SERGAI – Media Indonesia – Penanganan masalah Tempat Pembuangan Akhir (TPA) sampah di Afdeling 1 Kebun Adolina, Desa Cilawan, Kecamatan Pantai Cermin, Kabupaten Serdang Bedagai (Sergai), kini memicu polemik baru. Bukan hanya soal sampah yang meluber hingga ke areal tanaman sawit, namun juga sikap Kepala Bidang (Kabid) PKP Dinas Lingkungan Hidup (LH) Sergai, Boy R. Sihombing, yang dinilai tidak konsisten dan terkesan menghindari wartawan.
Kejadian bermula saat Boy R. Sihombing memberikan pernyataan kepada Kevin (Askep A Kebun Adolina). Dalam pernyataannya, Boy meminta agar pihak kebun Adolina mengarahkan siapapun yang bertanya soal masalah sampah di lokasi tersebut untuk langsung menghubungi dirinya, Namun, saat awak media mencoba melakukan konfirmasi melalui pesan WhatsApp pada hari Rabu 15 April 2026, jawaban Boy justru bertolak belakang dengan instruksi sebelumnya.
Ia menyatakan bahwa dirinya bukanlah Kabid Persampahan. Selain itu, ia menegaskan bahwa konfirmasi tidak dilakukan melalui media (pesan singkat), melainkan harus datang langsung ke kantor.

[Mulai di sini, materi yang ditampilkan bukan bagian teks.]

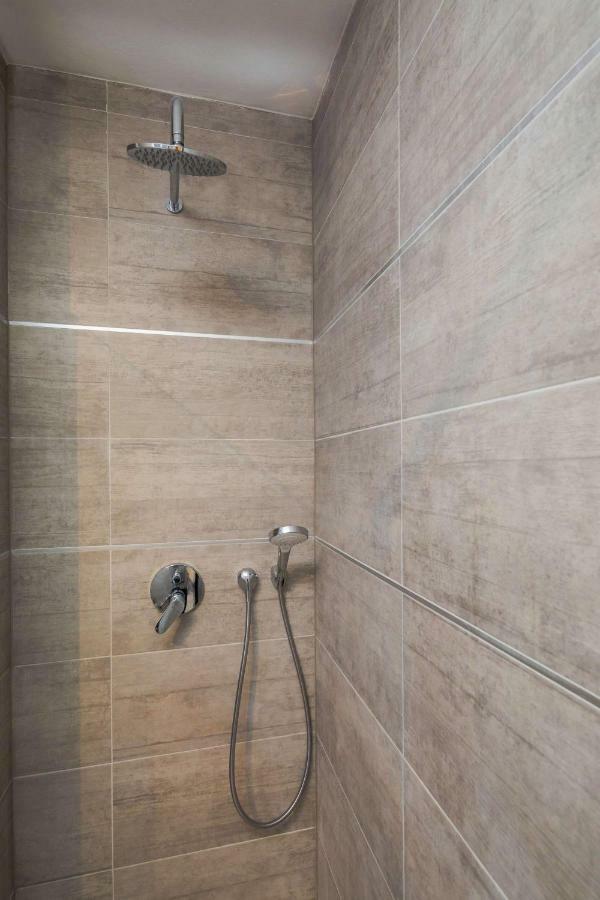 Appartement Enjoy Split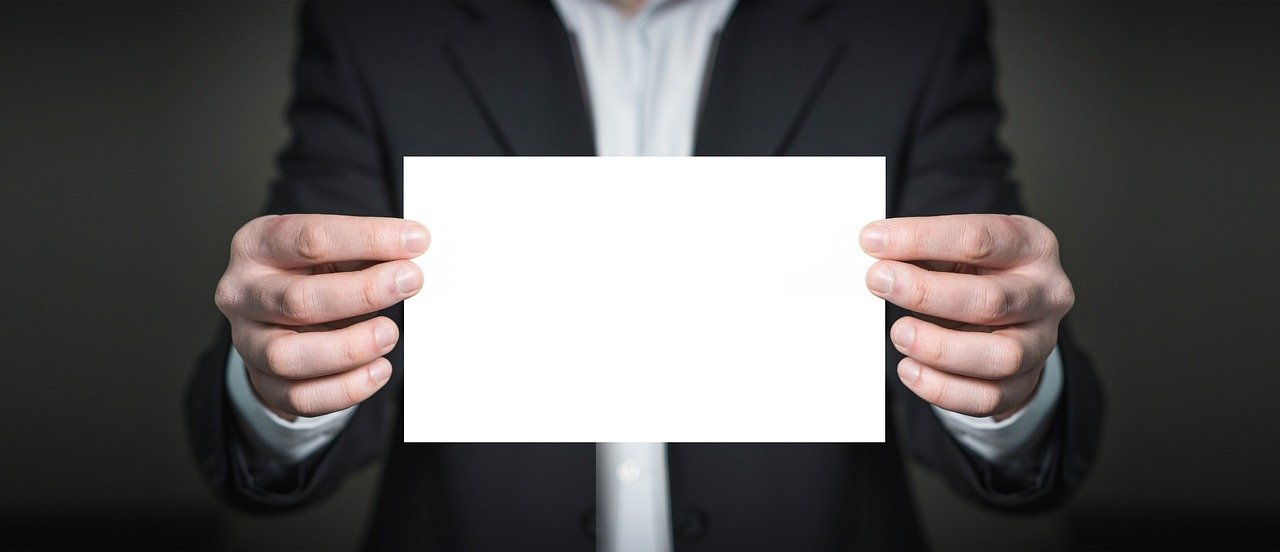 o papel da personalização marketplaces – O papel da personalização para otimizar resultados em marketplaces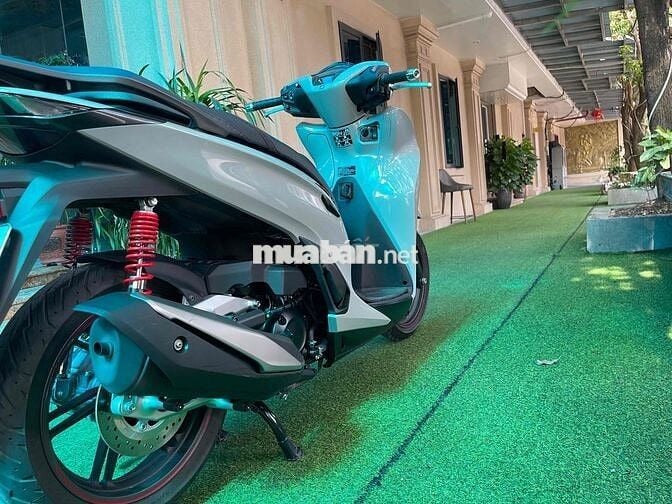 Cần bán Sh 350 siêu siêu lướt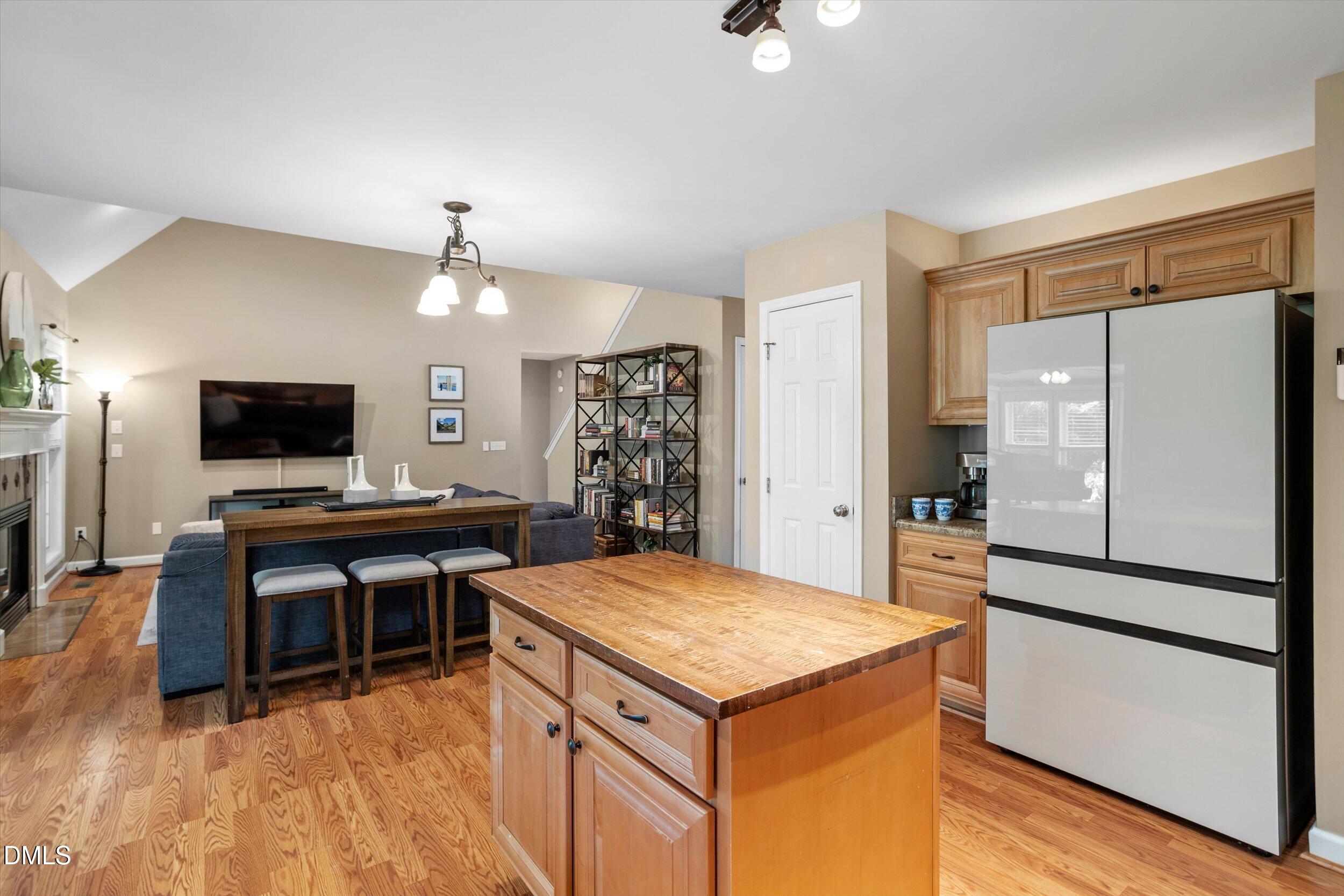 1704 Ashley Downs Drive Property Photo 22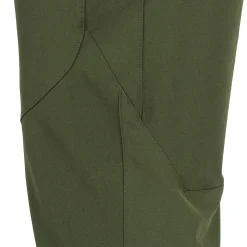 Outdoor Munro Walking Hose (Sale)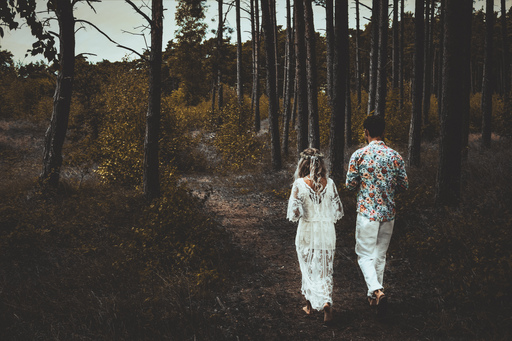 Astrid's Pixelgeschichten | Hochzeiten | Kita- und Schulfotograf auf alleFotografen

“Mohon maaf pak, Saya bukan kabid persampahan dan kalau mau konfirmasi bukan lewat media tp kekantor. Trims.
Kami punya TPA bukan adolina dan cara sop persampahan ada di kabid persampahan.” Tulis Boy dalam WhatsApp nya, sebagai jawabannya dari konfirmasi awak Media.
Menanggapi permintaan tersebut, awak media kembali menghubungi Boy keesokan harinya Kamis 16 April, melalui via WhatsApp nya, untuk bertemu di kantor sebagaimana yang ia minta. Namun nahas, pesan tersebut hanya dibaca (centang biru) tanpa ada balasan sedikit pun hingga berita ini diturunkan.

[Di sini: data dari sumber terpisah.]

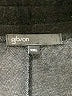 Gibson Black Track Pants Size XXL - photo 3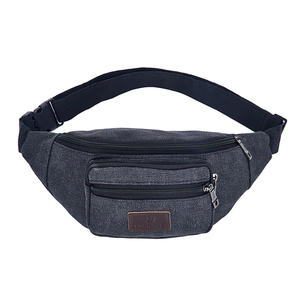 <span class=keywords><strong>en</strong></span> plein air voyage personnalisé <span class=keywords><strong>en</strong></span> cours d'exécution sac <span class=keywords><strong>banane</strong></span> <span class=keywords><strong>bandoulière</strong></span> sac de taille de jogging pour hommes sac <span class=keywords><strong>banane</strong></span> - Product Image 2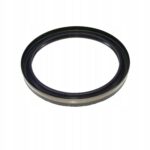 e024a76e8719a2809dfb612e05b82a5d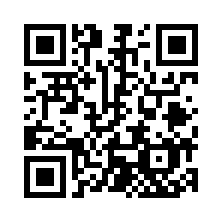 QR Code for 1GJCzRots7T3ukdBAyyTjK7C3wb6NJkCCs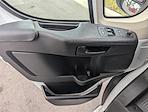 Used 2021 Ram ProMaster 2500 High Roof Empty Cargo Van for sale #F487870B - photo 23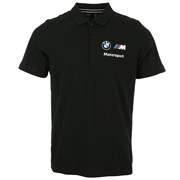 PUMA BMW MMS ESS Polo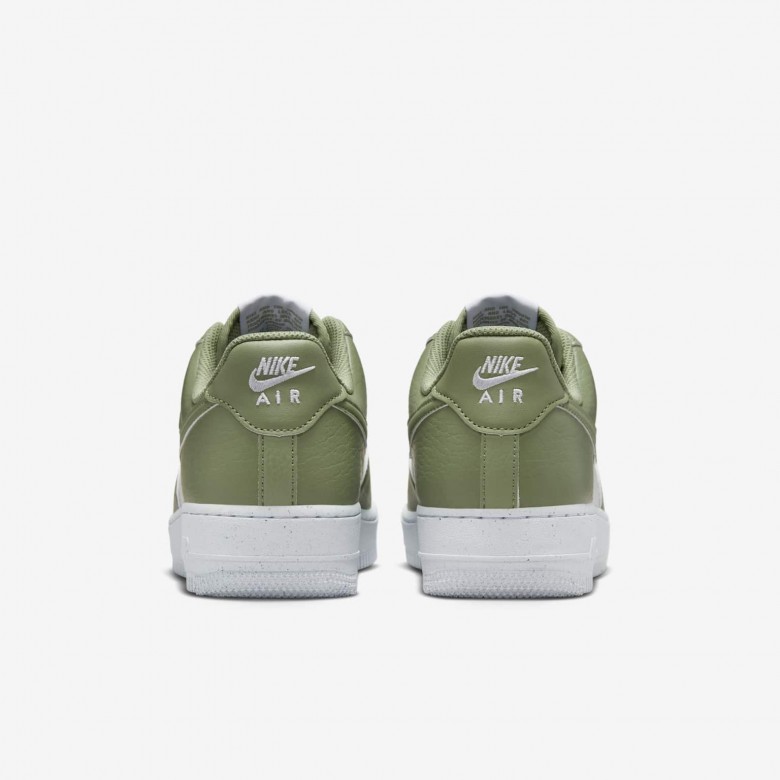 Nike Air Force 1 '07 Next Nature Nike Air Force 1 '07 Next Nature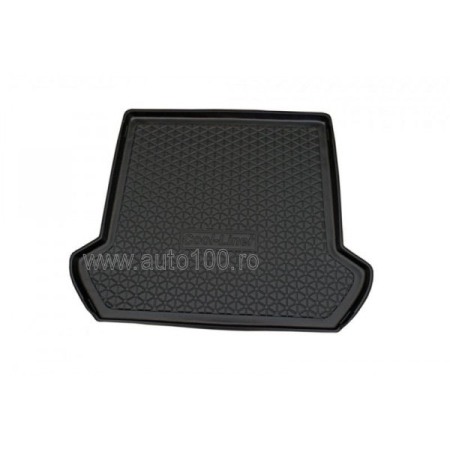 Tavite portbagaj auto - Tava portbagaj Premium auto Volvo XC90 I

“Sikap ini tentu menimbulkan tanda tanya besar. Awalnya menyuruh hubungi dia, lalu saat dihubungi bilang bukan bidangnya dan menyuruh ke kantor. Tapi saat awak Media chat mau ke kantor sesuai permintaannya, malah bungkam.”

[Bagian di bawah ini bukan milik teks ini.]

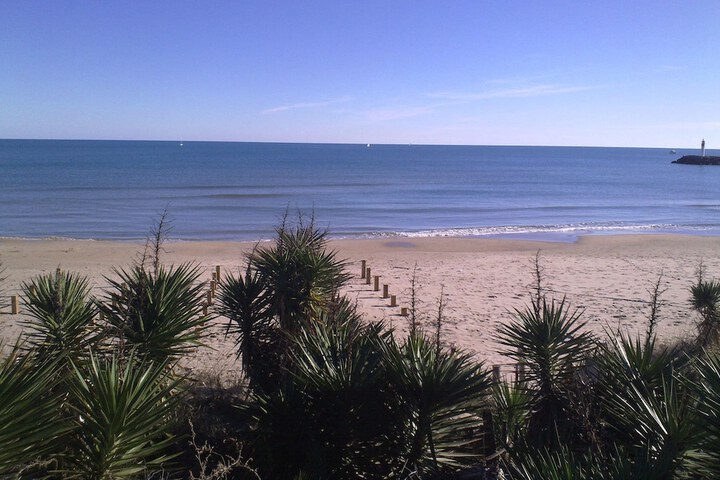 Hotel View 16 of 16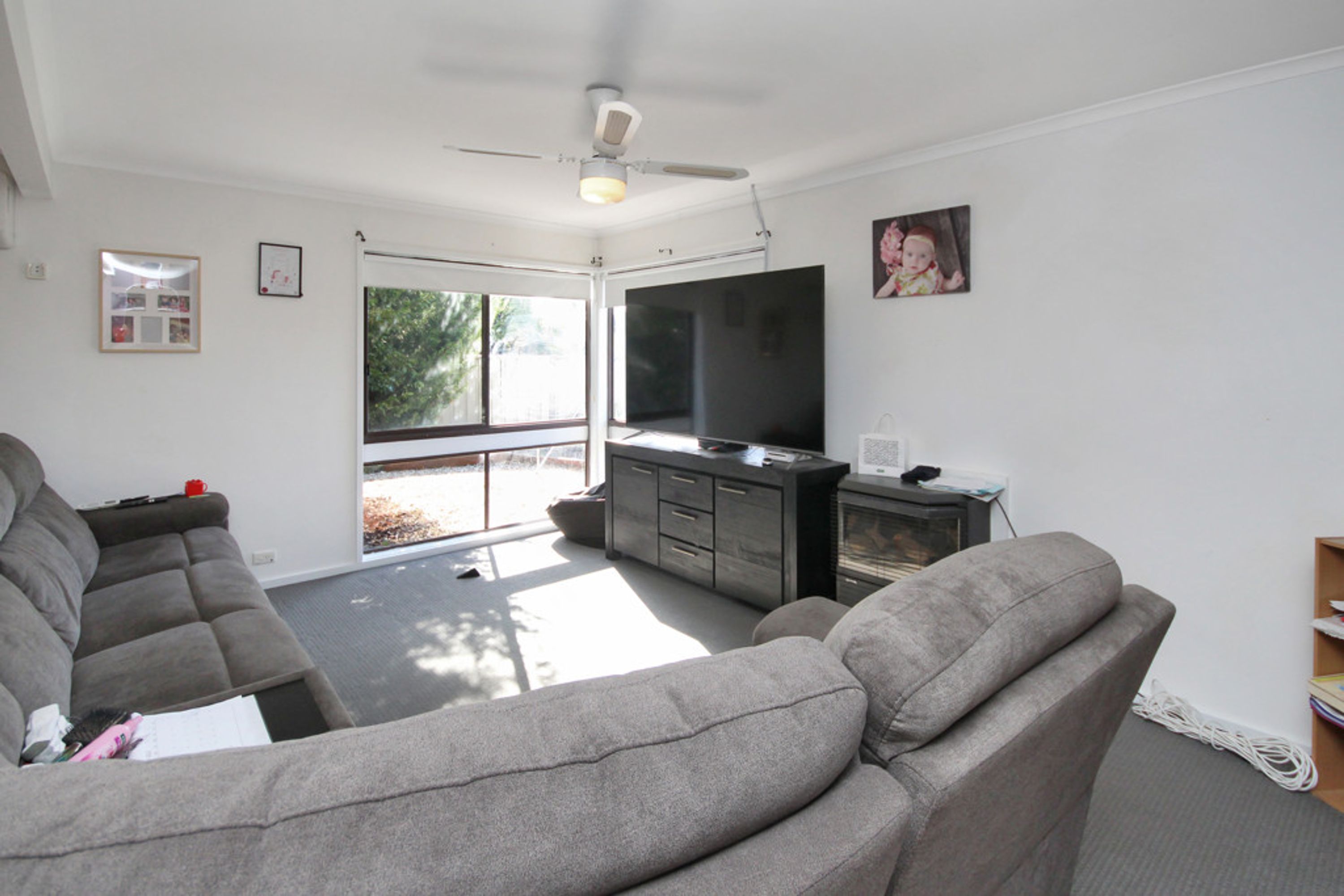 25 Forsyth Avenue, Horsham VIC 3400, Horsham - Thumbnail 2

Ketidakkonsistenan pernyataan Boy R. Sihombing ini memicu dugaan adanya upaya untuk menghindari kejaran media terkait persoalan TPA di Kebun Adolina. Jika tidak ada masalah serius, seharusnya pejabat publik bisa lebih transparan dan konsisten dalam memberikan keterangan, sesuai dengan keterbukaan informasi publik.Hingga saat ini, kondisi sampah yang meluber ke area produktif tanaman sawit di Afdeling 1 Kebun Adolina masih memerlukan kejelasan penanganan dari pihak terkait agar tidak merusak lingkungan lebih lanjut. (Syahrial).